## TASK TO CARRY OUT
Beginning with the line that contains "ALESSIA™ - ULTRA-COMFORT", transcribe the rest of the listing below exactly, including its last line, and exclude any pictures.

## DATA
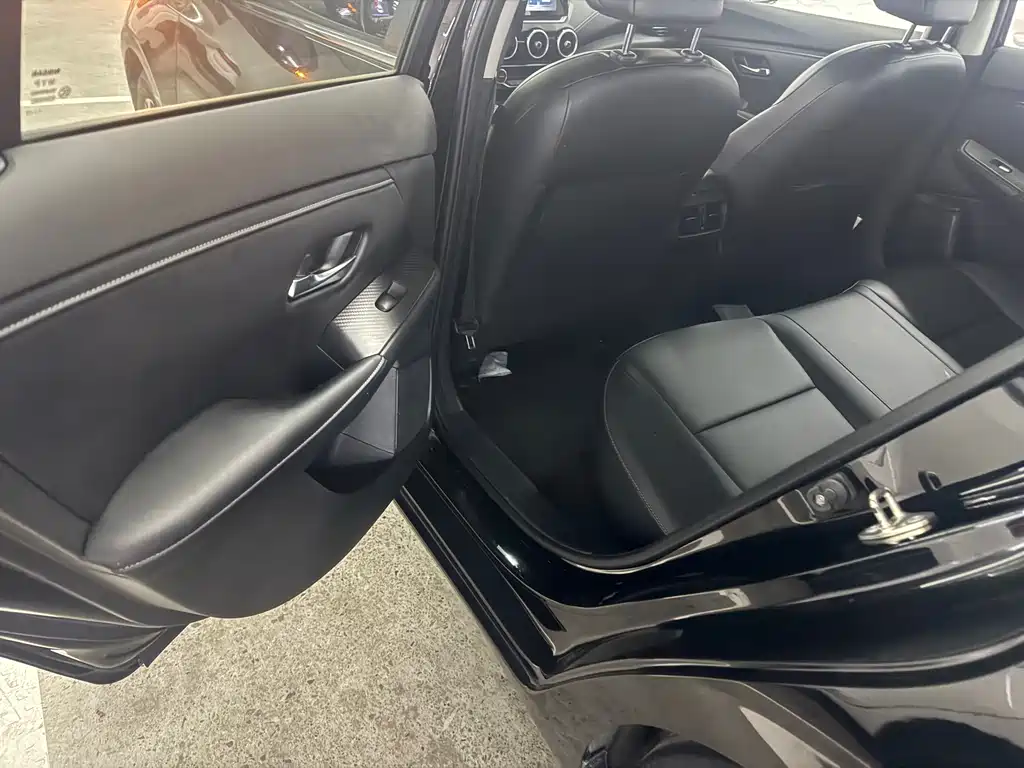 Nissan Sylphy 2021 1.6L XL CVT Enjoy
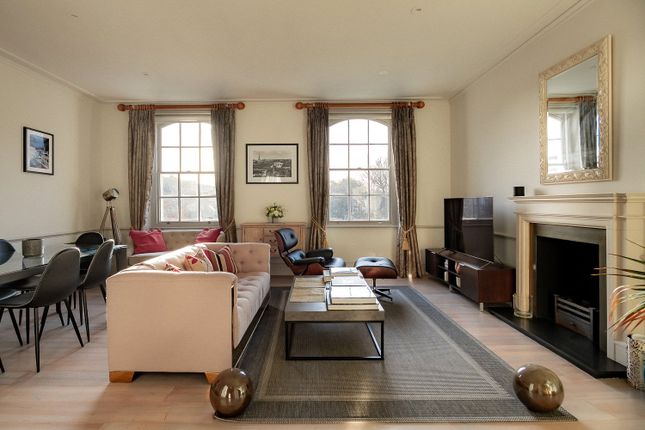 Flat 2, 17, Onslow Square, South Kensington photo 2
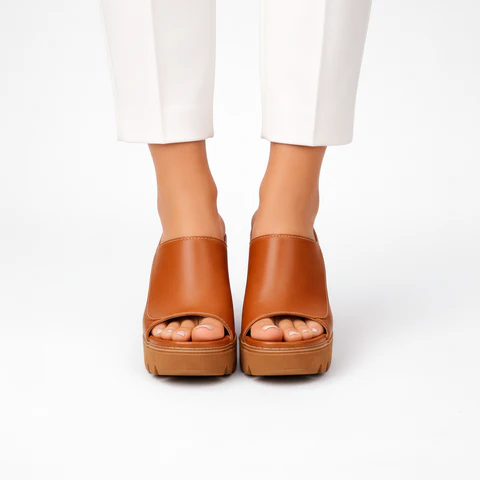 ALESSIA™ - ULTRA-COMFORT LEATHER PLATFORM SANDALS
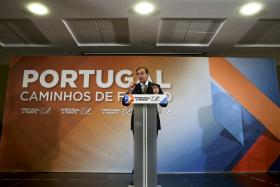 GOVERNO: PASSOS REJEITA FORMAÇÃO DE EXECUTIVO DO PS QUE CONSIDERA “UM GOLPE POLÍTICO”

## EXPECTED ANSWER
 ALESSIA™ - ULTRA-COMFORT LEATHER PLATFORM SANDALS
 GOVERNO: PASSOS REJEITA FORMAÇÃO DE EXECUTIVO DO PS QUE CONSIDERA “UM GOLPE POLÍTICO”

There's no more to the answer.